The university in the said advert had invited candidates who made it their first choice in the 2016 UTME and other interested candidates who obtained a minimum score of 180 to its admission screening documentation exercise.
When BDSUNDAY drew the attention of the Lagos-based human resources manager to the advertisement by the university, he was furious.
“For God’s sake, are these not the same regular courses that many universities in Nigeria have been offering for many decades without much impact? What new thing is this university doing? And why NUC keeps approving these universities beats one’s imagination,” he says.
“For a country in desperate need of development and industrialisation, this is clearly not the way to go. Every new university getting approval must justify its raison d’etre by tailoring its programmes to the developmental needs of the country,” he added.
Onwuegbuzie says Nigeria has depended on oil for many years, but if you go round the country, there is no university that offers petroleum engineering.
“You might find civil engineering, building engineering, and chemical engineering, among others. We would rather send students abroad to study petroleum engineering. It is a systemic failure of the education in Nigeria,” she argues.
“What I believe is that schools in general and universities in particular should develop courses that address current problems in society and produce students that are able to connect the dots. We need to develop both entrepreneurs and managers, because both are needed. An entrepreneurial mindset is critical as it would enable graduates to solve problems and create jobs. We need an overhaul of the university curriculum. Founding new universities that mimic their older counterparts is counterproductive,” she adds.
But Edwin Clark University is not the only culprit as virtually all other newly established universities in the country have toed the same line.
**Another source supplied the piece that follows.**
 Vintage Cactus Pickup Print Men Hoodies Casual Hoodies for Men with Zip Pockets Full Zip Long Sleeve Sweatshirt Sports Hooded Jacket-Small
“Just as it happens at the other levels of education, most of the new private universities you see today setting up shop are in it purely for the gain. They know that the public school system cannot accommodate the multitudes that seek admission every year, so they come in handy to take in those left behind but who are clearly desperate for higher education,” Fola Arowolo, who heads a private secondary school in the Ojo area of Lagos, tells BDSUNDAY.
“If you ask me, these new universities are adding to the problem by churning out more graduates into the labour market. Rather than establish more universities to train graduates who would come and begin to look for jobs in an already flooded labour market, shouldn’t they be thinking of establishing industries to employ those who are graduates already?” he queries.
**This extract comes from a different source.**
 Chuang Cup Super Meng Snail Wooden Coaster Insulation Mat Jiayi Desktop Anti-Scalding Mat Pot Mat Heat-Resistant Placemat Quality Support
One close source that prefers anonymity, however, tells BDSUNDAY that there are just a fistful of these universities that are getting it right. He specifically mentions American University of Nigeria (AUN), located in Yola, Adamawa State.
“AUN incorporates the right mix of entrepreneurship education into its curriculum such that in my close interaction with some graduating students of the university, it was clear to me they knew where they were headed. All of them I spoke with told me they were not going out there to seek to be anybody’s employee,” says the source.
“There may also be a couple of other serious ones, but these are the exception rather than the rule,” he adds.
Gurpreet Jagpal, director, research, enterprise and innovation and CEO, South Bank University Enterprises, also decries the disconnect between the universities and the outside society. According to him, the days when universities existed in isolation, with university dons researching problems without direct bearing or relevance to societal problems, are gone.
“I think universities should develop solutions to real problems. At the South Bank University, we interface with captains of industry. Our curriculum design and delivery are determined by industry and societal needs. Our students work on problems that could be commercialised and they hold stakes when such concepts get to the market. This is the way to go, I believe,” he tells BD SUNDAY.
He believes that setting up a university is serious business because any university that does not create entrepreneurs or problem solvers has no reason to stay in existence.